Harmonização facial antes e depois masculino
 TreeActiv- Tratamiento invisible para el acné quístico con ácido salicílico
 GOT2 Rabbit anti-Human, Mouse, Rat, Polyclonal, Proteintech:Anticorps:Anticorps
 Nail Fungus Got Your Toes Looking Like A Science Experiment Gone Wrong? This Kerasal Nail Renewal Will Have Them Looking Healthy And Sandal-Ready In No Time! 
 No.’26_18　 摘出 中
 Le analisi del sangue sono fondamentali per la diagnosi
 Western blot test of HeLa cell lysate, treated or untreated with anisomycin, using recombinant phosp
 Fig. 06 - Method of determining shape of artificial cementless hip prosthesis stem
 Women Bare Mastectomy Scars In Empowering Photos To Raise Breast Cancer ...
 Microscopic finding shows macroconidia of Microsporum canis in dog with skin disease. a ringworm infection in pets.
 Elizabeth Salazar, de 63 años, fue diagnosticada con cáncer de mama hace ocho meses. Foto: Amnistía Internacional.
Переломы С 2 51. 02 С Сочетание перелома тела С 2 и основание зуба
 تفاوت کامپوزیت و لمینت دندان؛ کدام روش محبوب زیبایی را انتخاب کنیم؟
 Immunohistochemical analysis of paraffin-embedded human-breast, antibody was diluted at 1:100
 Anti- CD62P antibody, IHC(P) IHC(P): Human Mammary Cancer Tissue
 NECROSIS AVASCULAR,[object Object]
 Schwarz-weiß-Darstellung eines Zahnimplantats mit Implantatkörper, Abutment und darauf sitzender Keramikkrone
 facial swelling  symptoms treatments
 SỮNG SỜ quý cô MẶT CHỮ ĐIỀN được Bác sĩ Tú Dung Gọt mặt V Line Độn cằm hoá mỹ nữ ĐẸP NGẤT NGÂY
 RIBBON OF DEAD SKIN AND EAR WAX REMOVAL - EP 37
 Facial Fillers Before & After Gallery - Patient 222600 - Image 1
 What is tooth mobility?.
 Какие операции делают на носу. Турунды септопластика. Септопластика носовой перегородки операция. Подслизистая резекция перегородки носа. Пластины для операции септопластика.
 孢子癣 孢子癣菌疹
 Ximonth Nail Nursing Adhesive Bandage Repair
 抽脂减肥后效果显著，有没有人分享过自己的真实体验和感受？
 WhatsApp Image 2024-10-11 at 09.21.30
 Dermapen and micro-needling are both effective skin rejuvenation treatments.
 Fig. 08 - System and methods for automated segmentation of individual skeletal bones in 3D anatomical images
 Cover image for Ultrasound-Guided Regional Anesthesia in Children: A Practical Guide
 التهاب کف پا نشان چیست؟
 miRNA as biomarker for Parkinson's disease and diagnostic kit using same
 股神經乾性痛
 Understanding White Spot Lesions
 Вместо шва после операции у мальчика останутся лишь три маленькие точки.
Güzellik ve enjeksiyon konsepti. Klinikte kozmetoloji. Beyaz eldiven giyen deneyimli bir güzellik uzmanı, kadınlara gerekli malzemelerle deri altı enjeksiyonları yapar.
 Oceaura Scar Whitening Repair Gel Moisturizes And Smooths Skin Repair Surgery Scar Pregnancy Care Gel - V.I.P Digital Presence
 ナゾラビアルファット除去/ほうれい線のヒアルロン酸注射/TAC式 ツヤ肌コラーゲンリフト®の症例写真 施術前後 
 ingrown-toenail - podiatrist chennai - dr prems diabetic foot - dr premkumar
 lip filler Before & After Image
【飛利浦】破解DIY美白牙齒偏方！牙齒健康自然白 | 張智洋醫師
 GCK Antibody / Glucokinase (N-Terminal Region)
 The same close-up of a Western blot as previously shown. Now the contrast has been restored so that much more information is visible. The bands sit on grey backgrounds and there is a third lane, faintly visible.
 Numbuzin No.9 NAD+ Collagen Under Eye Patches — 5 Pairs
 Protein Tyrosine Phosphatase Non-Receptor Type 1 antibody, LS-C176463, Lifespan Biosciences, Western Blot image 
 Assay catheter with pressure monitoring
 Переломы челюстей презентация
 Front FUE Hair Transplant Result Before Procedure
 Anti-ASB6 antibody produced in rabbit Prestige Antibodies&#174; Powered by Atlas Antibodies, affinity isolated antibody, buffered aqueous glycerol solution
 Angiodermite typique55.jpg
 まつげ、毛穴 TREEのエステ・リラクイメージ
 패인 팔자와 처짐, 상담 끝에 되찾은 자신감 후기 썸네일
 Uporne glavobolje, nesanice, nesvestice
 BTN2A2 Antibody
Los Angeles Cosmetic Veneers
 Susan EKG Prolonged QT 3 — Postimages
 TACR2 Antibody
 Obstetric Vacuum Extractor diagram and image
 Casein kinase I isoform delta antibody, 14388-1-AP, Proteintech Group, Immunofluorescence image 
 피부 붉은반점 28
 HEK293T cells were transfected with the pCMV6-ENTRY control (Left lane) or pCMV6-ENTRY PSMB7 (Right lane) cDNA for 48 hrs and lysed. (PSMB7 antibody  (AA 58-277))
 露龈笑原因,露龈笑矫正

**Task goal**
Report back each line of the entries that holds the string "After".

**Result for this exercise**
 Facial Fillers Before & After Gallery - Patient 222600 - Image 1
 lip filler Before & After Image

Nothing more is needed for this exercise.